Judge: Armen Tamzarian, Case: 23STCV14467, Date: 2023-09-21 Tentative Ruling
Case Number: 23STCV14467 Hearing Date: September 21, 2023 Dept: 52
Defendants
KHRG La Peer LLC, Karina Celis, and Felipe Cucalon’s Motion to Compel
Arbitration and Stay of the Action
Defendants
KHRG La Peer LLC, Karina Celis, and Felipe Cucalon move to compel arbitration
of this action by plaintiff Cynthia Sandoval.
Evidentiary Objections
Defendants make 12 objections to plaintiff’s declaration. All 12 objections are overruled.
Federal Arbitration Act (FAA)
Plaintiff disputes
whether the FAA applies. The court
declines to reach the issue because the result would be the same under either
the FAA or the California Arbitration Act.
Existence
of Agreement
Defendants
present sufficient evidence that plaintiff electronically signed the purported
arbitration agreement. A motion to
compel arbitration is “a summary proceeding.”

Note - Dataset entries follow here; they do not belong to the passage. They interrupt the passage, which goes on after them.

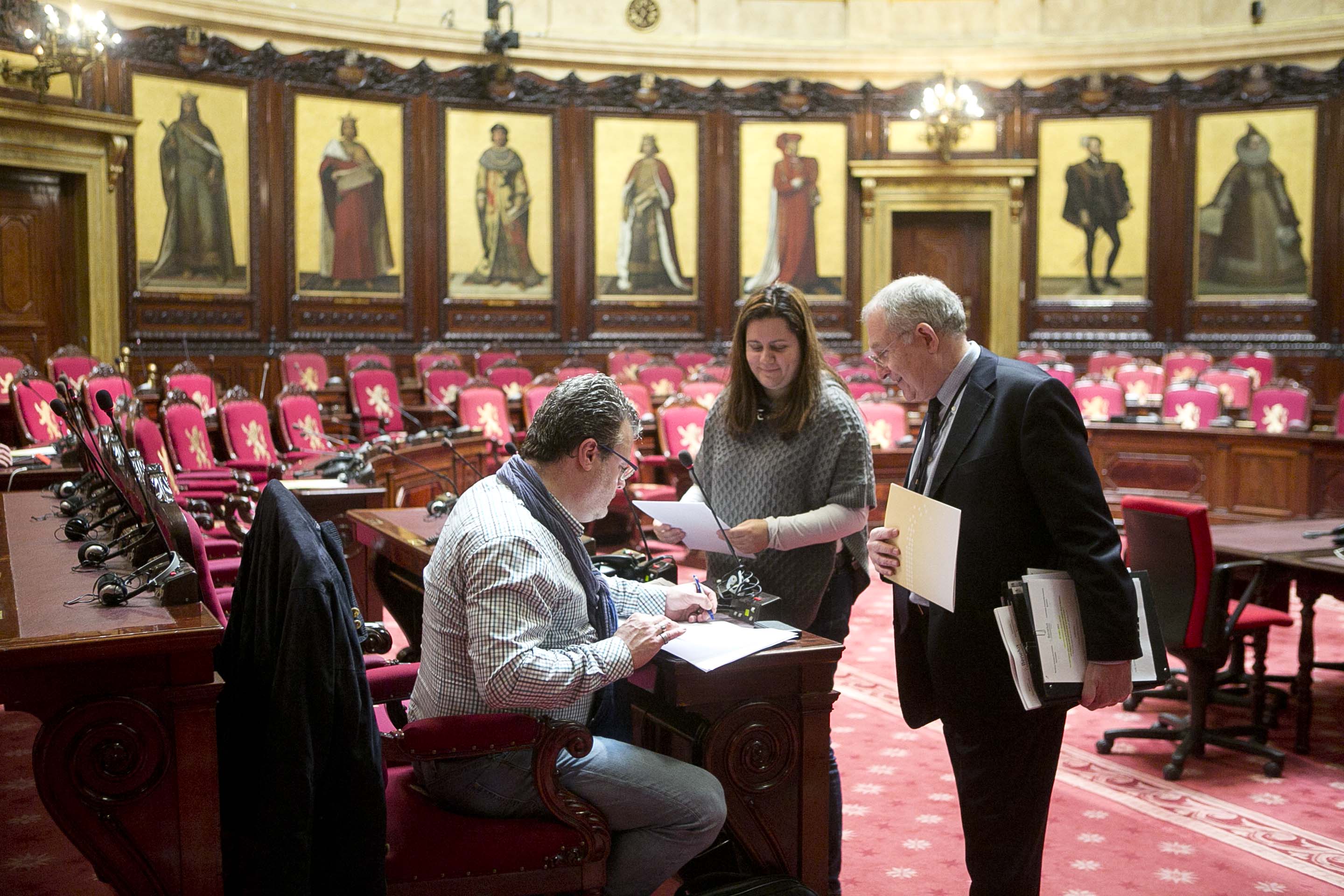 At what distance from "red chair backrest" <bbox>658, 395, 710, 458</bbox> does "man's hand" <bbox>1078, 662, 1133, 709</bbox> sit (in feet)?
17.5

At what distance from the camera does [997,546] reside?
2061 millimetres

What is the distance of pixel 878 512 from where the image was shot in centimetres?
806

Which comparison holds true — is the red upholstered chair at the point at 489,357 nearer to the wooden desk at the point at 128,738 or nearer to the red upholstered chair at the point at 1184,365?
the red upholstered chair at the point at 1184,365

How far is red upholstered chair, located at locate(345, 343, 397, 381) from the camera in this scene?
10.5 m

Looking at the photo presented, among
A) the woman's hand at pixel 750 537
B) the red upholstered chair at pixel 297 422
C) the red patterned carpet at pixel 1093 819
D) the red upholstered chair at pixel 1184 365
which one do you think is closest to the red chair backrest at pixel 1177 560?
the red patterned carpet at pixel 1093 819

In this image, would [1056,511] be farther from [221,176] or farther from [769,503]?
[221,176]

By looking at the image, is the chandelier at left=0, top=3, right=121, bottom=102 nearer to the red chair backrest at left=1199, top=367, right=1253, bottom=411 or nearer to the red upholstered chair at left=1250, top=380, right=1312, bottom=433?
the red upholstered chair at left=1250, top=380, right=1312, bottom=433

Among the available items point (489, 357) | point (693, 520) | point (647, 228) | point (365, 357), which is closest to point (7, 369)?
point (365, 357)

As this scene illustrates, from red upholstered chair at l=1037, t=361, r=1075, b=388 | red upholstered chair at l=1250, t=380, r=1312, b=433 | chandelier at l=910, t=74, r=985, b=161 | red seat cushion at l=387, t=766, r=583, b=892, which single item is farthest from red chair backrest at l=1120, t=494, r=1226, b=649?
chandelier at l=910, t=74, r=985, b=161

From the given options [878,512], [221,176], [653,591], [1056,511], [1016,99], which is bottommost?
[878,512]

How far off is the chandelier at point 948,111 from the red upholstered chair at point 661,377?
4.00m

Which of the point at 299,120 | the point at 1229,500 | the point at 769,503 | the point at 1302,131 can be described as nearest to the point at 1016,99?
the point at 1302,131

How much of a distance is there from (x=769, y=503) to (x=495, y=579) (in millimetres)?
979

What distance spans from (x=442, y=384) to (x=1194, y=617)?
779 centimetres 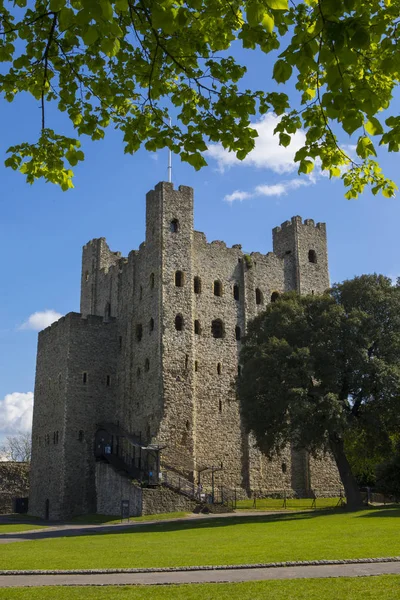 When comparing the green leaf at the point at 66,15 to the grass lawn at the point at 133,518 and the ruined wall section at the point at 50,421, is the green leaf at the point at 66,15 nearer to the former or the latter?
the grass lawn at the point at 133,518

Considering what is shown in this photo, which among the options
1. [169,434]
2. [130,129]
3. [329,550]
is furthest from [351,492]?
[130,129]

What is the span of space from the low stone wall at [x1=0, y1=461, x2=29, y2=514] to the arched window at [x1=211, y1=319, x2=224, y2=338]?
18037 millimetres

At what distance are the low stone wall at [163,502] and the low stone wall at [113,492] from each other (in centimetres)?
33

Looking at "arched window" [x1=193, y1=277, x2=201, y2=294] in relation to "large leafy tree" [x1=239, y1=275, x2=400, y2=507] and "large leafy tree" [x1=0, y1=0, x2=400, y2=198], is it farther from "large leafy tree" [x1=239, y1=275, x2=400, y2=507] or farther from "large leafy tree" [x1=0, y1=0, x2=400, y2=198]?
"large leafy tree" [x1=0, y1=0, x2=400, y2=198]

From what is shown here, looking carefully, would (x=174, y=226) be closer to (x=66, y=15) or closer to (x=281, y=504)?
(x=281, y=504)

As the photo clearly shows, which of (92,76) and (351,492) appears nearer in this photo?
(92,76)

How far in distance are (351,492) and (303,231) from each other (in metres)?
22.3

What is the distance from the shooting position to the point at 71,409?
1626 inches

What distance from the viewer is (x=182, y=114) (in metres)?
10.0

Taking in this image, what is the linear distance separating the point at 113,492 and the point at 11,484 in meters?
15.9

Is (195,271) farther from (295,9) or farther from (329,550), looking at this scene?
(295,9)

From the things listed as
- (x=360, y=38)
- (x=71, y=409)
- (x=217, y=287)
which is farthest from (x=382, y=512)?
(x=360, y=38)

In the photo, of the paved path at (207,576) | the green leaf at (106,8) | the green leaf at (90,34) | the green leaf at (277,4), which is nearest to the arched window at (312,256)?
the paved path at (207,576)

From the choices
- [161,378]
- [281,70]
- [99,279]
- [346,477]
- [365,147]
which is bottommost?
[346,477] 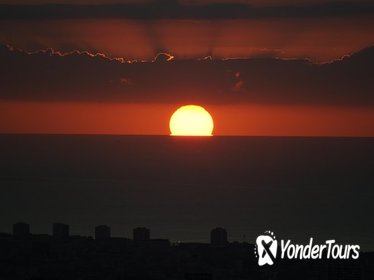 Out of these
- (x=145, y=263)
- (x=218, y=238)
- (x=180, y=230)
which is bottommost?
(x=145, y=263)

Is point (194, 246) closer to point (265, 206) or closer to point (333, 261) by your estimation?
point (333, 261)

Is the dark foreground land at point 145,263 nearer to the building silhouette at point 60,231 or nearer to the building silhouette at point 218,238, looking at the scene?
the building silhouette at point 218,238

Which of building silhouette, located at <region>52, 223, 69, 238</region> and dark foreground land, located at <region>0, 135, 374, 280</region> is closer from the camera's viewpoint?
dark foreground land, located at <region>0, 135, 374, 280</region>

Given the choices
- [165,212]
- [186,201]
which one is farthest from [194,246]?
[186,201]

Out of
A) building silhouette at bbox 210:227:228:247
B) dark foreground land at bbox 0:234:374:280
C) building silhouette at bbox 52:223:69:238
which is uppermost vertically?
building silhouette at bbox 52:223:69:238

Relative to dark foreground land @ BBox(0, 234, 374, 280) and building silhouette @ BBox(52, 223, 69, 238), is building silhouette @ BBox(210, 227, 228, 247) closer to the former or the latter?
dark foreground land @ BBox(0, 234, 374, 280)

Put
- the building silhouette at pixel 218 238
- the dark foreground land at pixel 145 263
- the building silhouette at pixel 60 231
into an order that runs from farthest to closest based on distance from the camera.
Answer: the building silhouette at pixel 60 231, the building silhouette at pixel 218 238, the dark foreground land at pixel 145 263

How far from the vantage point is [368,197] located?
604 ft

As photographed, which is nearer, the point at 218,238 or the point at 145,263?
the point at 145,263

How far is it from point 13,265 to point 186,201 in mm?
124248

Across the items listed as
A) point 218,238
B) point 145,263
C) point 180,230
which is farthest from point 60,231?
point 180,230

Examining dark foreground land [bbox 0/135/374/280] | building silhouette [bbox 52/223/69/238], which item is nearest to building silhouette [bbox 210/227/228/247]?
dark foreground land [bbox 0/135/374/280]

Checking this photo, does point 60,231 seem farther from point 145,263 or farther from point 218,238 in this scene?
point 145,263

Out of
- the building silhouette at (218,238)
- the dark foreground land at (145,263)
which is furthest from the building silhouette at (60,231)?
the building silhouette at (218,238) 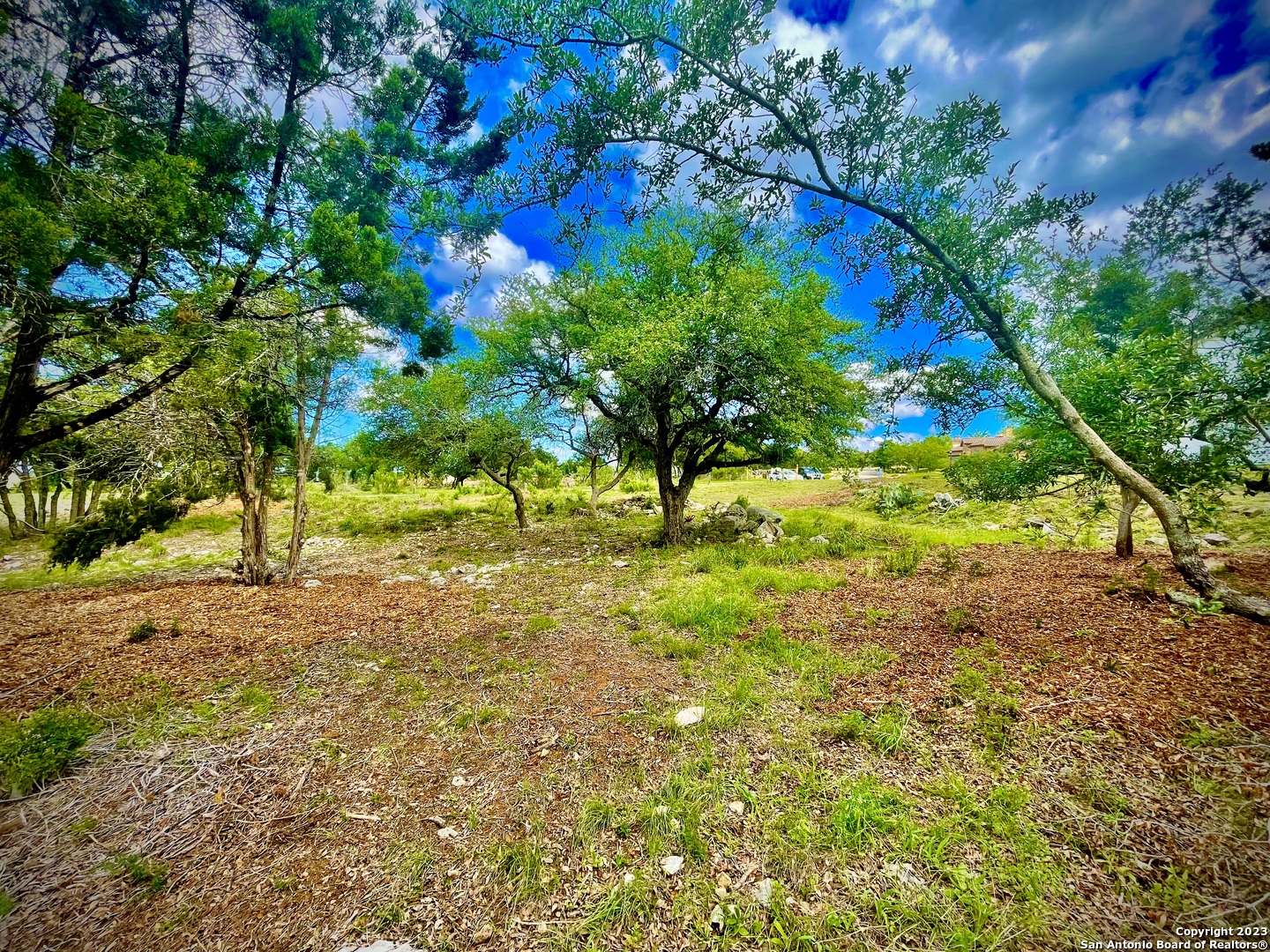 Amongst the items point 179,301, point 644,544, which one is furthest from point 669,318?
point 179,301

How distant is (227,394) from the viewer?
24.6 feet

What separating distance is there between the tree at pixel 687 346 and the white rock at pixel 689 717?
7039 mm

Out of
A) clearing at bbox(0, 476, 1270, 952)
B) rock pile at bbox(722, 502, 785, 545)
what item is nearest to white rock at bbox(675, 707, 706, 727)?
clearing at bbox(0, 476, 1270, 952)

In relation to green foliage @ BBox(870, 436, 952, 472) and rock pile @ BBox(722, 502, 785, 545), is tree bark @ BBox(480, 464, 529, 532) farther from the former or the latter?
green foliage @ BBox(870, 436, 952, 472)

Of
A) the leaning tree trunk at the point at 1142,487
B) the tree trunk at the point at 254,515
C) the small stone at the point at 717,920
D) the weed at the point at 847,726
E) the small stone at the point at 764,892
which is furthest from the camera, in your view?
the tree trunk at the point at 254,515

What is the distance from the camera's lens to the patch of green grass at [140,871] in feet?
9.31

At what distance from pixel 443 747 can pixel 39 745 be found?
371 cm

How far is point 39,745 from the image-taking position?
12.6ft

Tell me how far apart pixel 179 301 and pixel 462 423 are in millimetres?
11624

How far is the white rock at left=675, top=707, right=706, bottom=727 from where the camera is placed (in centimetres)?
438

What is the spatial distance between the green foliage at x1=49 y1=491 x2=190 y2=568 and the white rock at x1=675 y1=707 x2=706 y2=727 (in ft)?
43.8

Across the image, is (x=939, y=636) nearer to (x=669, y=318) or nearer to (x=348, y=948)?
(x=348, y=948)

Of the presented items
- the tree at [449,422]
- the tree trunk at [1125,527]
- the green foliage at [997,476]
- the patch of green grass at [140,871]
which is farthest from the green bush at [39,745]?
the tree trunk at [1125,527]

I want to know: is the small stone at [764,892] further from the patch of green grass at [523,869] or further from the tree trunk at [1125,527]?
the tree trunk at [1125,527] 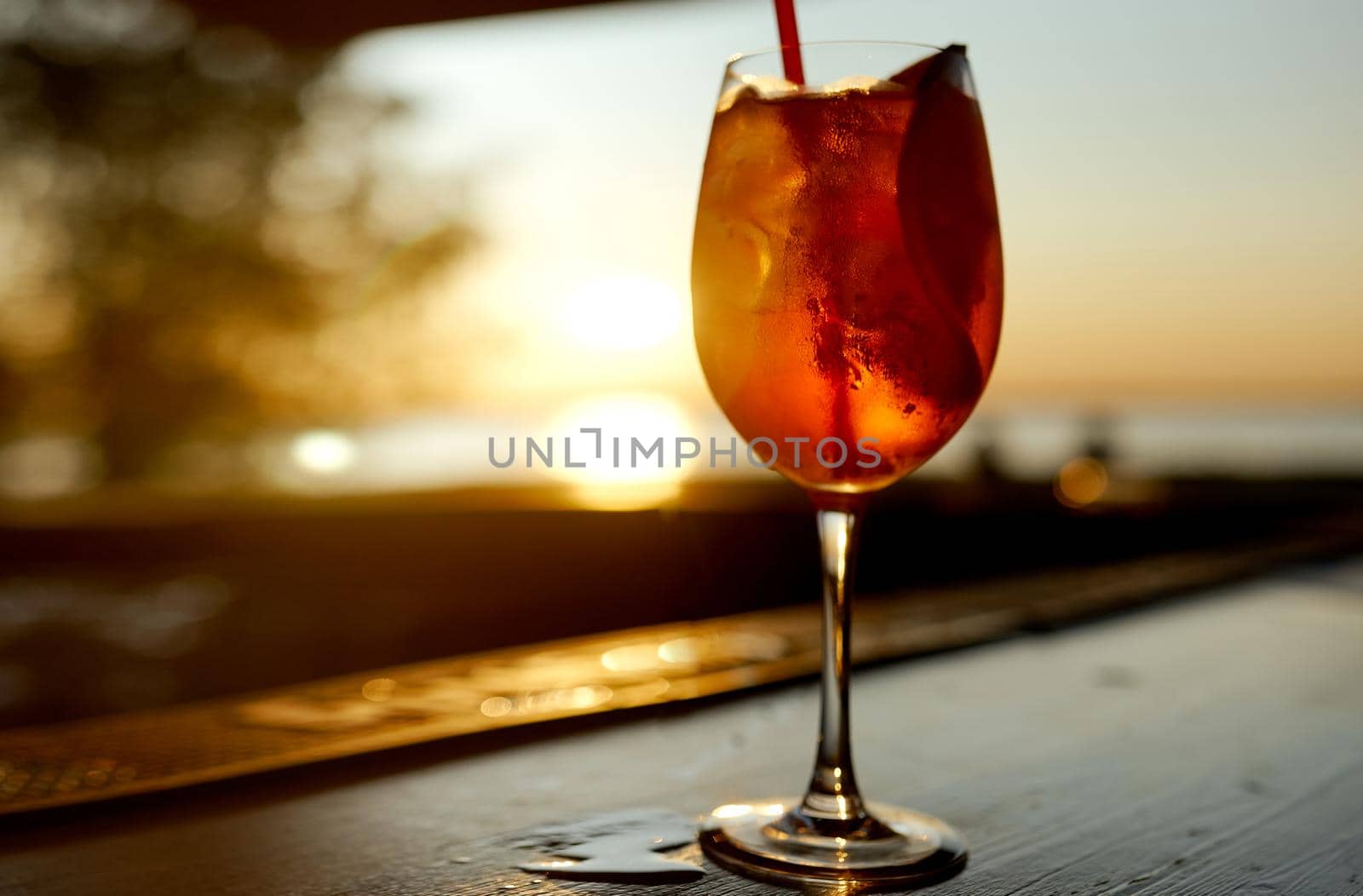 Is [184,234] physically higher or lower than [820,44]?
higher

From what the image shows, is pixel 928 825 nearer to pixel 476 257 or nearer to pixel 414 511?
pixel 414 511

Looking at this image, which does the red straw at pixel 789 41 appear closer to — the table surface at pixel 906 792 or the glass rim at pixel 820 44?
the glass rim at pixel 820 44

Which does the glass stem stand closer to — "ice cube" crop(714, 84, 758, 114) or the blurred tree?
"ice cube" crop(714, 84, 758, 114)

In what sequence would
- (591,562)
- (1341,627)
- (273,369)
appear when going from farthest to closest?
(273,369) → (591,562) → (1341,627)

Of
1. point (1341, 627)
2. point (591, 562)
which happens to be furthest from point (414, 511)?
point (1341, 627)

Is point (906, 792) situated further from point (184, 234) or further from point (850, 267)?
point (184, 234)

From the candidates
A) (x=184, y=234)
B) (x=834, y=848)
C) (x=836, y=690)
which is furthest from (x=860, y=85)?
(x=184, y=234) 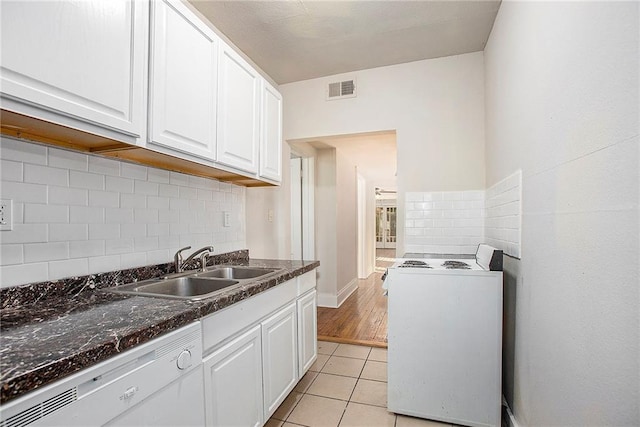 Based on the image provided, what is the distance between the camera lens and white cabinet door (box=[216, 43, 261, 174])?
1813 millimetres

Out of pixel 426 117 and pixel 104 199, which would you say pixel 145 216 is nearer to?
pixel 104 199

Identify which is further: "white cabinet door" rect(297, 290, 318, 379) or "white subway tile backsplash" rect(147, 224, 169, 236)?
"white cabinet door" rect(297, 290, 318, 379)

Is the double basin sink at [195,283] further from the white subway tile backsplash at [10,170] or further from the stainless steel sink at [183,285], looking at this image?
the white subway tile backsplash at [10,170]

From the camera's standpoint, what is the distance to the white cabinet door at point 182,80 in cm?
136

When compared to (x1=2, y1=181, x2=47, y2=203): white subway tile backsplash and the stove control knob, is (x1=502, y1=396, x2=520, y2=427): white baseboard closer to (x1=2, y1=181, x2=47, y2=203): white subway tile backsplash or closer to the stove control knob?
the stove control knob

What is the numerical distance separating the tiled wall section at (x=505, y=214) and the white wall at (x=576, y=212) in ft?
0.28

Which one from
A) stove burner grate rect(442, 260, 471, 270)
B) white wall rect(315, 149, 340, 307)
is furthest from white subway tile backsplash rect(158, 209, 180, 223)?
white wall rect(315, 149, 340, 307)

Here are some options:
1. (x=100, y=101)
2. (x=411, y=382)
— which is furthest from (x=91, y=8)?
(x=411, y=382)

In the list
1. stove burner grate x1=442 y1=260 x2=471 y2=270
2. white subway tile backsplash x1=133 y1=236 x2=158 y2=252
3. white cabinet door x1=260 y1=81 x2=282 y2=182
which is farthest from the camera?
white cabinet door x1=260 y1=81 x2=282 y2=182

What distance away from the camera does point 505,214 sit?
6.37 feet

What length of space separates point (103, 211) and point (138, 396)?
0.89m

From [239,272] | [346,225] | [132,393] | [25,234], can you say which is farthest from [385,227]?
[132,393]

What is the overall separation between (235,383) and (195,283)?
0.63 m

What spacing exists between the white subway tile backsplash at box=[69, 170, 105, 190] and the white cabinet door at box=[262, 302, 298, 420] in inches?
39.8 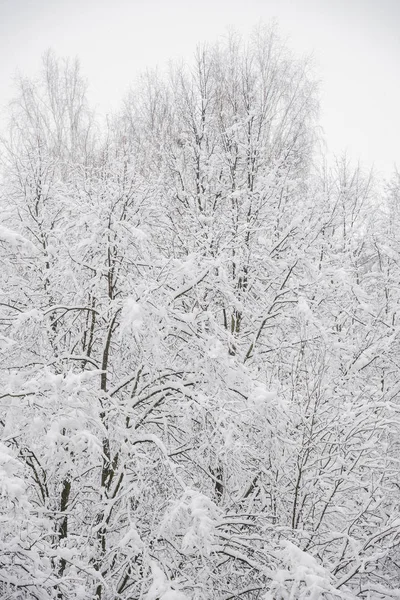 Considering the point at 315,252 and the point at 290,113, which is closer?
the point at 315,252

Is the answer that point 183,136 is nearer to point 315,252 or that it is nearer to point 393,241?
point 315,252

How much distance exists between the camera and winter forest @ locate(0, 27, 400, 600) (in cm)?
336

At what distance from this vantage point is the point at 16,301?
5.12m

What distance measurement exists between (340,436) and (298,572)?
2033 millimetres

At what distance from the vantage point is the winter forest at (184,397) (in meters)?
3.36

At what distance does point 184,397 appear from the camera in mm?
4488

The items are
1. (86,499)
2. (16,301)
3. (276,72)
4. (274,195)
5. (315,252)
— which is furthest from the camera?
(276,72)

(Espejo v. Southern California
Permanente Medical Group (2016) 246 Cal.App.4th 1047, 1057.) The moving party can meet the “initial burden
to show an agreement to arbitrate by attaching a copy of the arbitration
agreement purportedly bearing the opposing party’s signature.” (Id. at p. 1060.) After the opposing party “challenge[s] the
validity of that signature,” the moving party must “establish by a
preponderance of the evidence that the signature was authentic.” (Id. at p. 1058.) The moving party can meet its ultimate burden by showing the “security
precautions regarding transmission and use of an applicant’s unique username
and password, as well as the steps an applicant would have to take to place his
or her name on the signature line.” (Id.
at p. 1062.)
Defendants
present evidence that plaintiff electronically signed an arbitration agreement (Campbell
Decl., Ex. 5) on November 14, 2022 (id., ¶¶ 12-14, Exs. 4-5). Defendants also submit evidence explaining
the security precautions taken to ensure only plaintiff could sign the
agreement. (Id., ¶¶ 4-12, Ex. 2.) Employees were required to create an “ADP
account” using “personal identifying information,” including their date of
birth and partial Social Security number.
(Id., ¶ 8.) Employees
“must input a unique user name and password created by them.” (Ibid.) Plaintiff admits she created an “ADP account”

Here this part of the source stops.